In Trigger Happy, Steven Poole does not set out to tell of a videogame revolution to come in the future: he is instead a chronicler, exposing the revolution that he has already seen happening around him. It is not a matter of whether the videogame will become an art form; instead, it is a matter of how the videogame already is an art form and what the next steps of its evolution will be: “…when videogames are at their best, what you’re doing is something vastly more creatively challenging than watching a docusoap or a quiz show…that hunk of molded plastic, that PlayStation or Dreamcast, is a magic box that allows you to play with fire. A Prometheus engine” (206). The examples Poole offers, the PlayStation and Dreamcast, are two previously popular gaming platforms allowing for the playing of games on the television set that have now been superseded by newer systems. Poole gives these systems and by extension their more recent counterparts a mythical significance, fire being the gift of Prometheus from gods to man, a life saving tool and potential destructive force.


Ryan, Marie-Laure. Narrative as Virtual Reality: Immersion and Interactivity in Literature and Electronic Media. Johns Hopkins University Press: Baltimore, 2001.
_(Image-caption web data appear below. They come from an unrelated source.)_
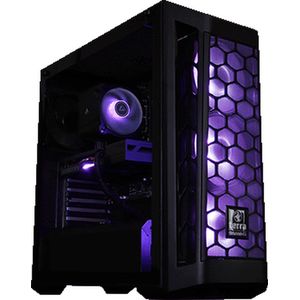 Terra PC-Gamer Elite 2 - Intel Core i5-14600KF - 16GB - 1.0TB M.2 SSD - Nvidea GeForce RTX4060 8GB - Windows 11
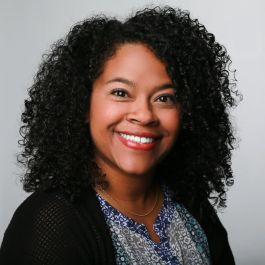 Image of Chanté Thurmond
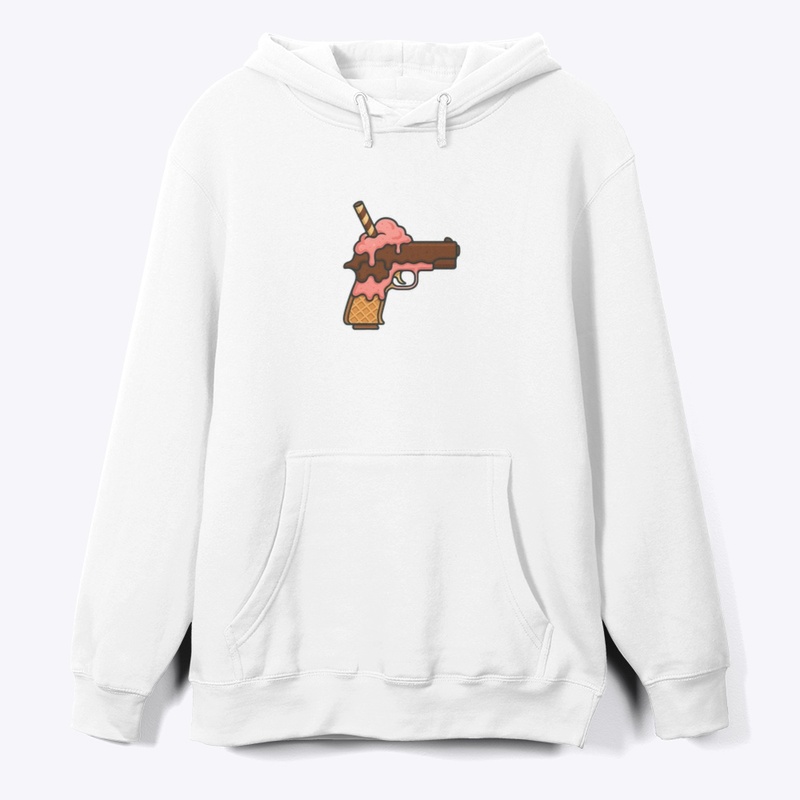 Pistol Sundae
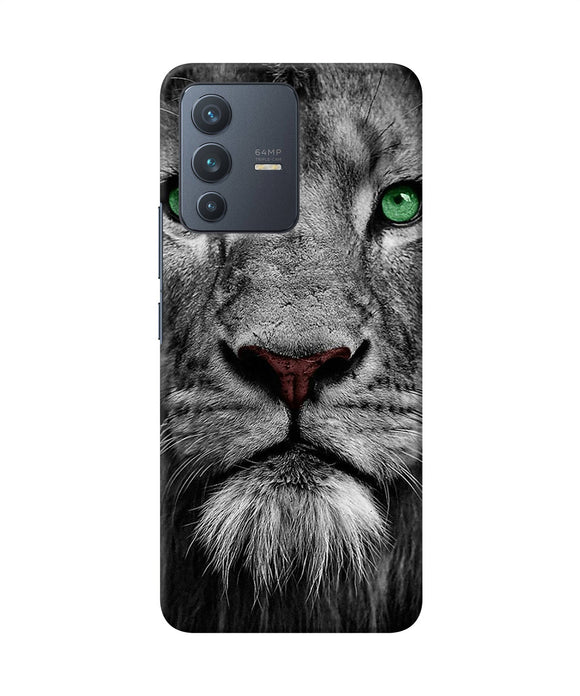 Lion poster Vivo V23 5G Back Cover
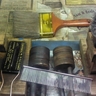 Damascus carding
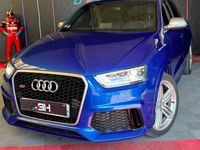 Occasion Audi RS Q3 310 ch (228 kW) 2014 SUV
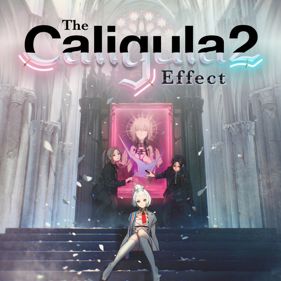 The Caligula Effect 2 - Square (Oceania) - 800x800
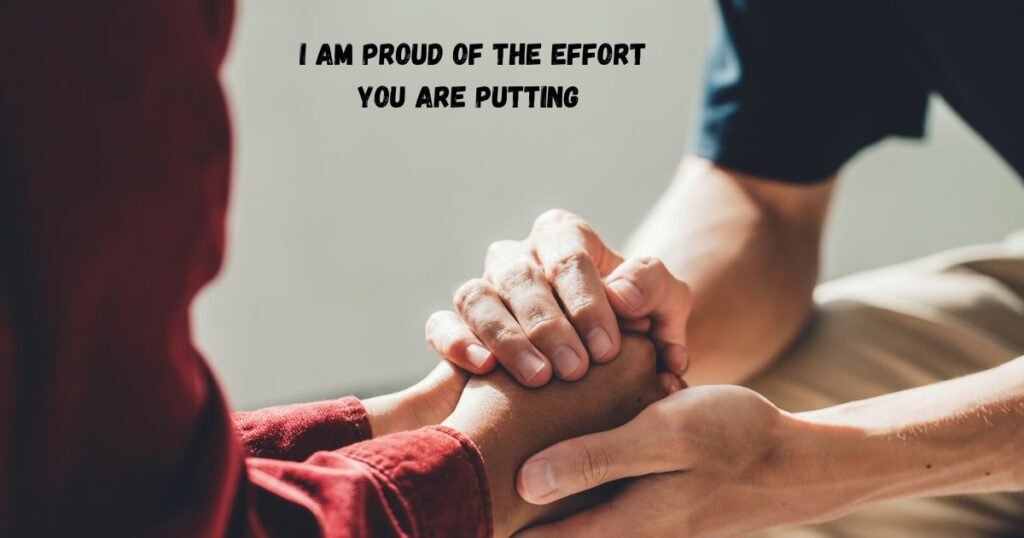 Supportive and Encouraging Messages for Him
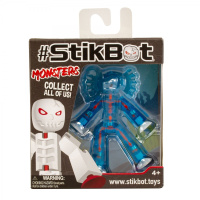 Stikbot Monster figurka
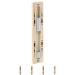 Sauna hourglass made of wood sauna clock sauna accessories time display egg timer sauna clock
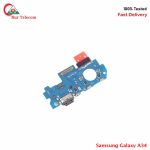 Samsung Galaxy A34 Charging logic board Price in Bangladesh (New)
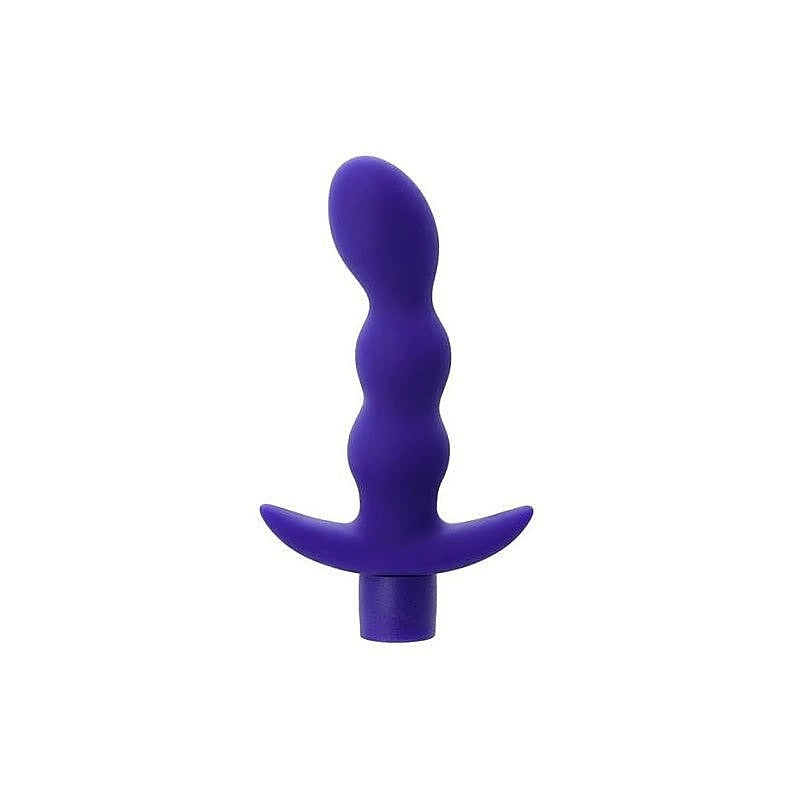 ToDo Adore 7 Function Anal Vibrator - Anal Vibrators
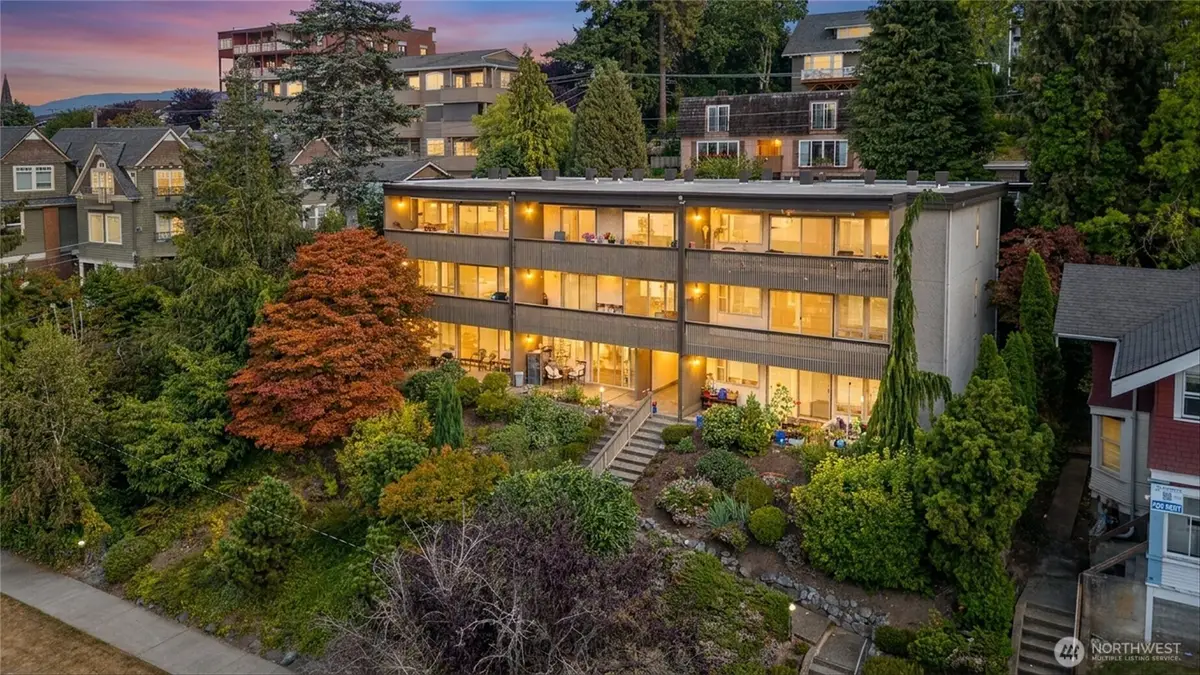 924 N Garden Street #203, Bellingham, WA 98225 - #1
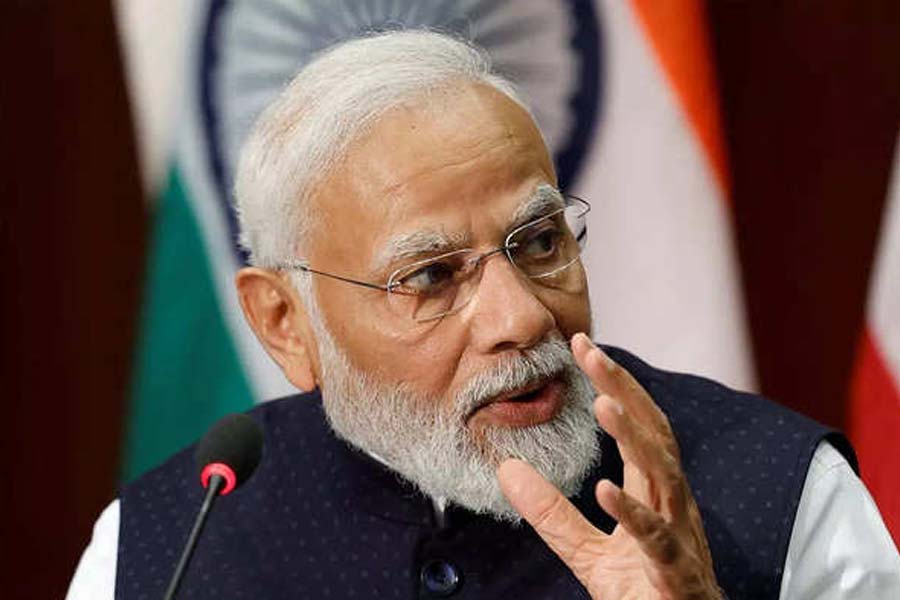 Meet Harsh Vardhan Shringla the Chief Coordinator for India’s G20 Presidency in 2023 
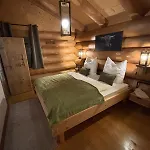Appartement Vogelkirsche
In Narrative as Virtual Reality: Immersion and Interactivity in Electronic Media, Marie-Laure Ryan takes the concept of Virtual Reality as a technical construct and uses it to create a framework for discussing different experiences of text. She first defines “Virtual Reality” as “a computer-generated three-dimensional landscape in which we would experience an expansion of our physical and sensory powers; leave our bodies and see ourselves from the outside; adopt new identities; apprehend immaterial objects through many senses, including touch; become able to modify the environment through either verbal commands or physical gestures; and see creative thoughts instantly realized without going through the process of having them physically materialized” (1). At the time Ryan is writing, 2001, this virtual reality remains mostly a construct in progress; five years later this remains the case.